Tomato Blight: How to Identify and Treat Late Blight in Tomatoes
Tomato blight, in its different forms, is a disease that attacks a plant’s leaves, stems, and even fruit.
Late blight (one form of tomato blight) is caused by a fungus, Phytophthora infestans, which also affects potatoes. The fungus was responsible for the Irish potato famine of 1845.
It over-winters in infected potato tubers and perennial weeds (such as nightshade.) As the tubers and perennial seeds germinate during a new growing season, the fungus spreads to surrounding plants.
What does late blight look like?
Photo: Cornell University
It affects both leaves and fruit
Leaves develop blue-gray spots which turn brown
Leaves eventually drop
Fruit develops irregular brown, greasy spots which can affect the entire tomato
Spots on both leaves and fruit may develop a white, cottony ring of mold
Late blight can overtake an entire plant quickly (within a week) if untreated
When does late blight affect plants?
It’s most prevalent in mid- to late-season
It often strikes in cool, wet weather
How do you control and treat late blight?
The best control measure is prevention (see below).
Remove and destroy infected leaves (be sure to wash your hands afterwards).
Treat organically with a copper spray, which you can purchase at the hardware store or home improvement center. Follow label directions. You can apply until the leaves are dripping, once a week and after each rain.
Once blight is present and progresses, it becomes more resistant to biofungicide and fungicide. Treat it as soon as possible and on a schedule.

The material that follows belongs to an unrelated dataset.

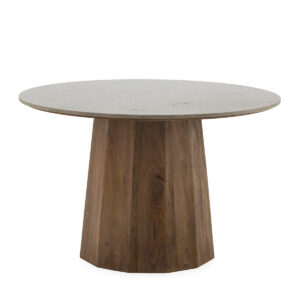 MESA DE COMEDOR 120x120x76 MARMOL BLANCO/MADERA NOGAL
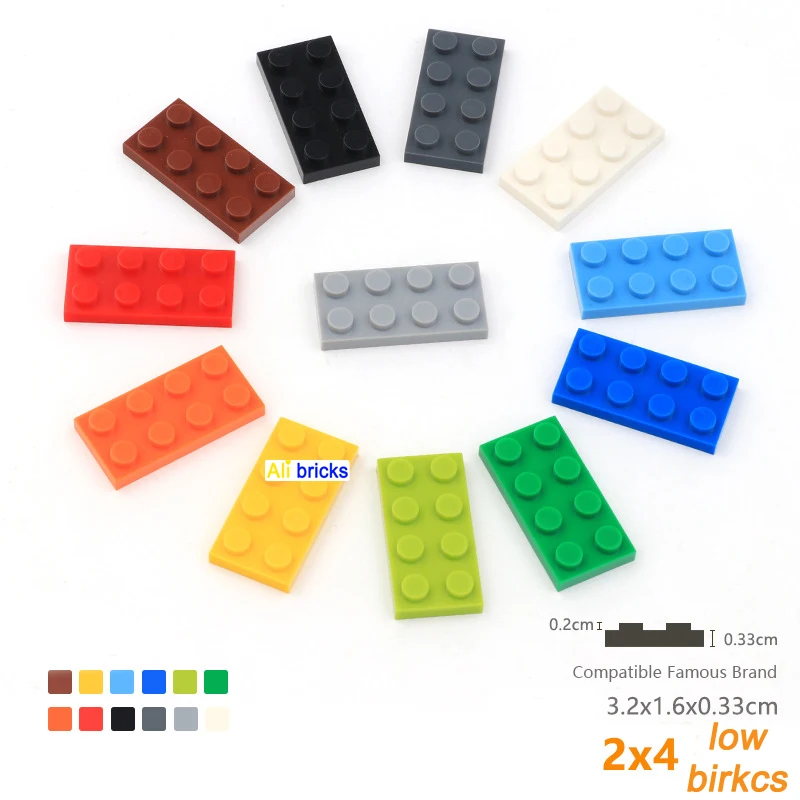 

20pcs DIY Blocks Building Bricks 2X4 Educational Assemblage Construction Toys for Children Compatible With Brand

Treat organically with a biofungicide like Serenade (available as a spray or in a concentrate) to lessen symptoms. Follow label instructions. Or apply a fungicide such as chlorothalonil (sold as Fungonil),
Mancozeb Fungicide, or maneb (also available under trade names) at the first sign of blight, when fruit sets (as a preventative measure) or when conditions indicate a strong potential for it to develop. Follow label directions. Re-apply every 7-10 days or after rain. Other diseases (such as early blight, Septoria leaf spot, and gray leaf spot) can be controlled by these biofungicides and fungicides, so application is multi-purpose.